Provided information Block Start

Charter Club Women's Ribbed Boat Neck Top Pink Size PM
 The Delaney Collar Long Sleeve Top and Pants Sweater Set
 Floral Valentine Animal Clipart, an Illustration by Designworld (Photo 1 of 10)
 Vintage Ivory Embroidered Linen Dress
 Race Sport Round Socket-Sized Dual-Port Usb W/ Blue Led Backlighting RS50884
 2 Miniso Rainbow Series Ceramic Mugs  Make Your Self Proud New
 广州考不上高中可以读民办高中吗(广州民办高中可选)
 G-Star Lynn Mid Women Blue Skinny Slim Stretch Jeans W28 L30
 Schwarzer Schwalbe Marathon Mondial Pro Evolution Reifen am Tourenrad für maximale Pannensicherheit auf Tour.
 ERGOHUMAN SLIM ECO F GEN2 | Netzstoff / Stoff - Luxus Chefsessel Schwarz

Provided information Block End

• **Task statement**: Above are the entries; return each one exactly.

• **Answer to this problem**:
Charter Club Women's Ribbed Boat Neck Top Pink Size PM
 The Delaney Collar Long Sleeve Top and Pants Sweater Set
 Floral Valentine Animal Clipart, an Illustration by Designworld (Photo 1 of 10)
 Vintage Ivory Embroidered Linen Dress
 Race Sport Round Socket-Sized Dual-Port Usb W/ Blue Led Backlighting RS50884
 2 Miniso Rainbow Series Ceramic Mugs  Make Your Self Proud New
 广州考不上高中可以读民办高中吗(广州民办高中可选)
 G-Star Lynn Mid Women Blue Skinny Slim Stretch Jeans W28 L30
 Schwarzer Schwalbe Marathon Mondial Pro Evolution Reifen am Tourenrad für maximale Pannensicherheit auf Tour.
 ERGOHUMAN SLIM ECO F GEN2 | Netzstoff / Stoff - Luxus Chefsessel Schwarz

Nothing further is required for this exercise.